Response and conversion maximisation
Identification of market gaps and opportunities
Reporting and insights by persona, segments and cluster descriptions
Adding the right test techniques to the above "base system" to test each variable in the marketing mix then enables the maximisation of objectives. This assists customer value optimisation and also forms the base for effective and scalable customer acquisition strategies when matched with external market data.
The loss of some customers is inevitable. However as a company grows the size of their customer base it will attract some marginal customers who will tend to "churn" at a higher rate. If the customer acquisition strategy is more general and not sufficiently selective, then without careful management the churn rate will become a problem. It is well known that the cost of acquiring customers is a lot more than keeping a customer - often up to five times more - but many factors contribute to the real cost which is often much higher than forecast.
The typical cost groups associated with a high churn rate include:
Customer acquisition costs - Internal and external agent campaign costs.
Call centre costs
Retention campaign costs
The core problem underpinning the real costs is that as the customer base grows and more marginal customers are on-boarded, the costs of an increasing churn rate move from a linear to an exponential curve.
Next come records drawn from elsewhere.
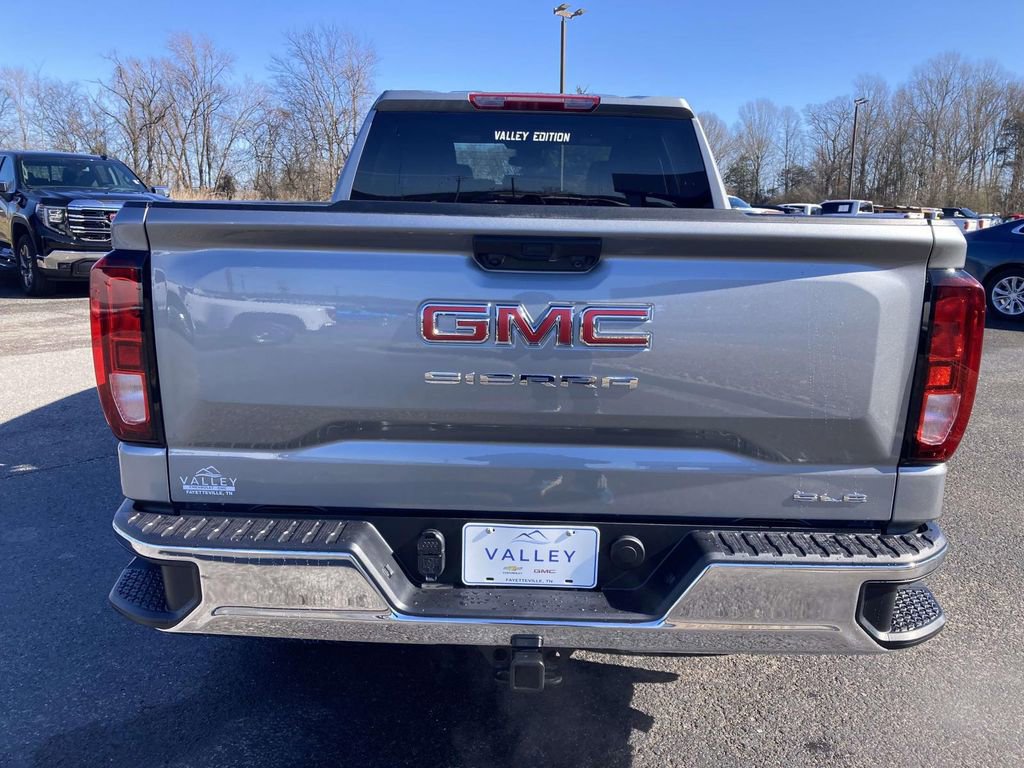 New 2026 GMC Sierra 1500 SLE image 5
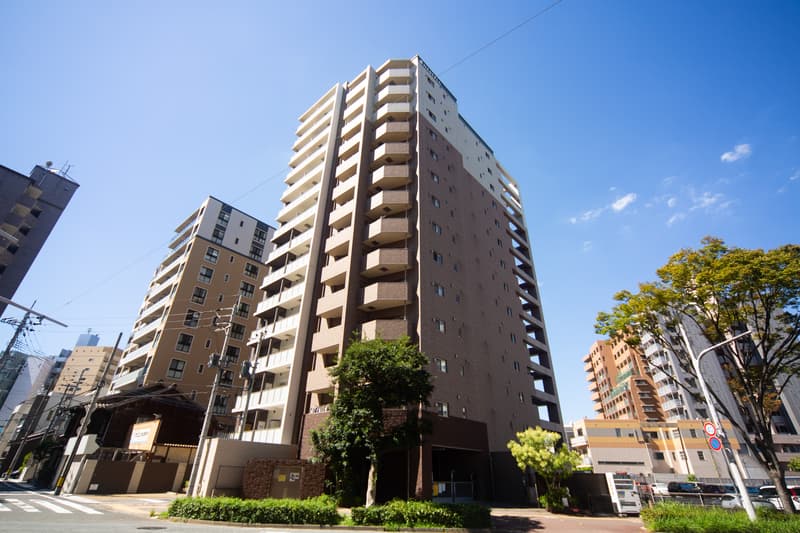 ネストピア県庁口駅前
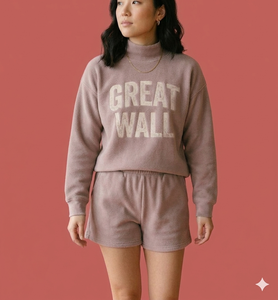 Conjunto de Top de Cuello Alto y Shorts por Encima de la Rodilla para Mujer, en Color Sólido, para Invierno, con Corte Holgado, Tejido de Punto Suave y Estilo Casual Moderno - Product Image 1
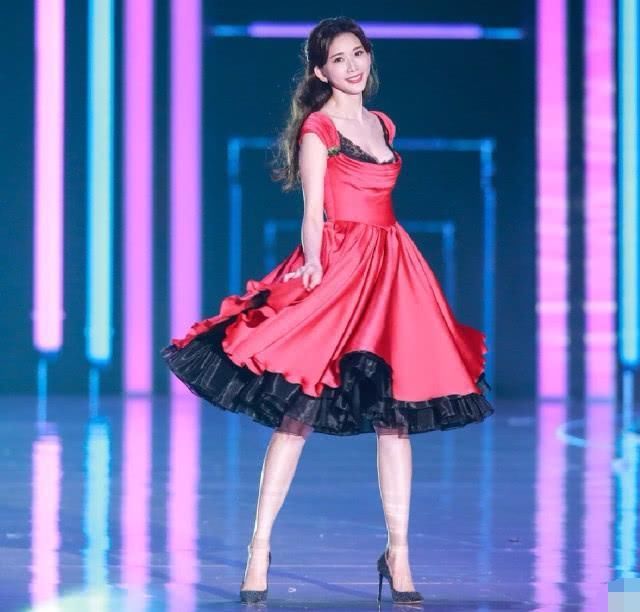 林志玲也真是敢穿，一双高跟鞋成为全场焦点，小心接近为好!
This takes place as a company starts to maximise its "market share" of the Primary market customers and more Secondary or Tertiary market customers are acquired.
Therefore the first important step is categorizing each customer as to their future likelihood to cancel as it will then allow proactive management and treatment of the different "churn value" customer groups. Please see the segmentation diagram in (1) above. In addition if this is done in a manner that enables more selective customer acquisition strategies then this reduces the quantity of potential customers who will churn. The effective cost reduction of using the churn model to assist with customer acquisition more than doubles the ROI over a churn model used for internal customer management only.
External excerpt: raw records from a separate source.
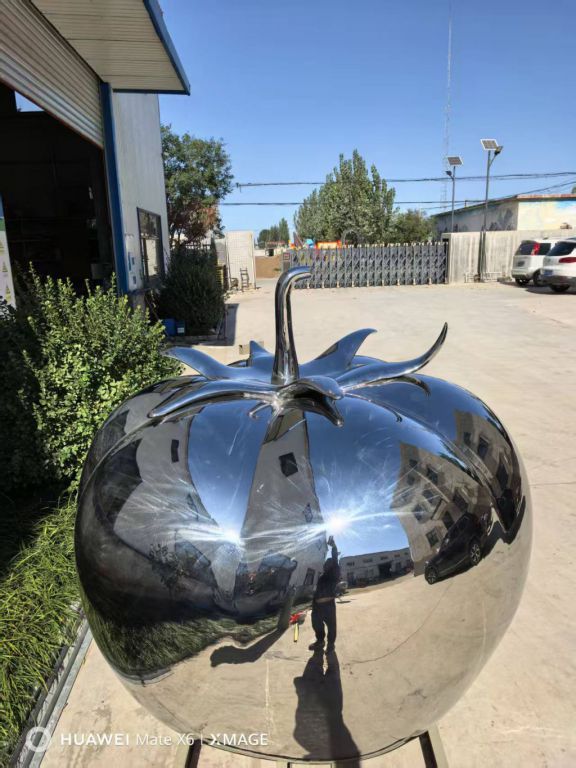 室内金属雕塑如何应对温度和湿度变化的影响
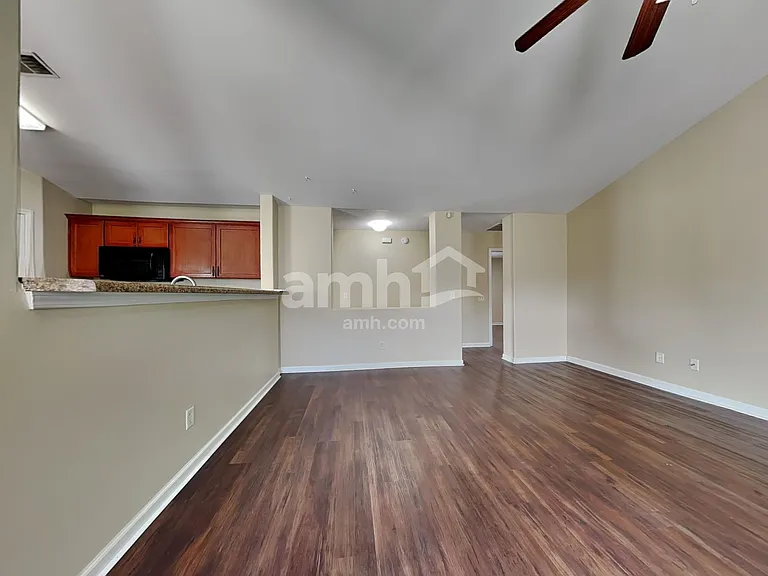 117 Lake Pointe Dr — Photo 6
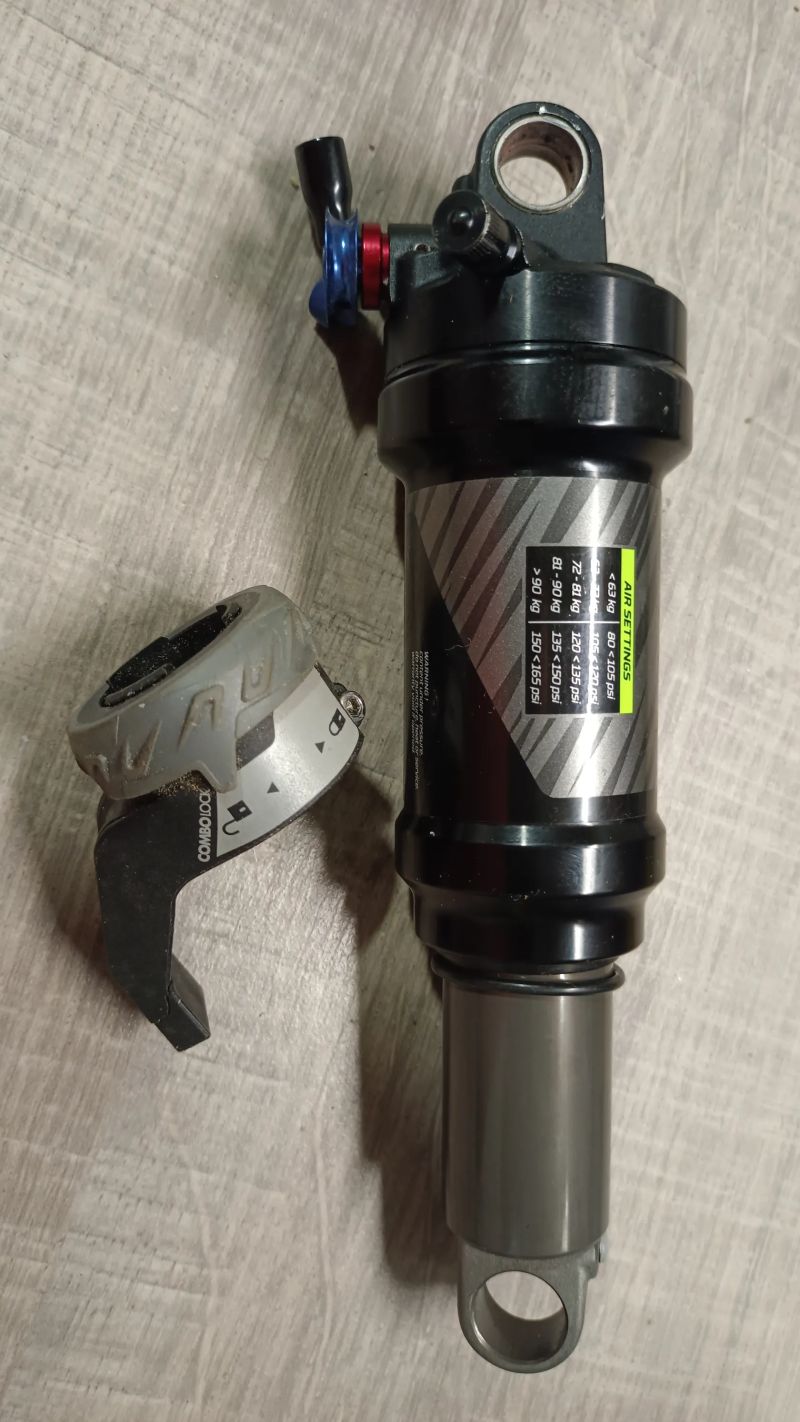 Prodám karbonový rám Rockrider CC900S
We have built a proprietary framework of national data that our ML models run on. This allows us to build a churn ML model for a client and then to overlay it on our data framework. Once this is done then we can also assist with the customer acquisition aspects - to bring more of the primary market and less of the secondary and tertiary market potential customers.
Customer Lifetime Value (LTV)
Customer lifetime value is an important metric. It provides a picture of the business long-term and it enables year-on-year comparisons as to the quality of customers being onboarded and retained. High LTV is an indicator of product-market fit, brand loyalty and recurring revenue from existing customers.
The calculation of LTV measures the revenue and profitability of a customer over the "length of time" they stay as a customer. Naturally this needs to be measured for each "like" group and by acquisition channels and other pertinent variables. There needs to be a strict categorisation/rules of customer groups and the calculation process to ensure that comparisons over time are standardised and meaningful. Deviations across the entire customer base per annum can then be pro-actively managed operationally and all key metric changes explained to the board.
This is where Machine Learning models can play an important role in classifying the "like" groups and then measuring a number of key metrics to enable the active value management of the customer database. Once the models are built then their self-learning optimisation ability can maintain the models accuracy far longer than once-off built models. This is important as the LTV values should be measured quarterly to identify potential differences that could become problematic.
An example is when outbound acquisition campaigns are significantly changed and the overall response and conversion rates change by more than 10% in a particular market segment. In that case either more or less marginal customers may change the LTV, especially if there is a relatively high 1st year churn rate. Accurate and timeous measurement will then enable the most appropriate tactical strategies to be employed per problematic segment.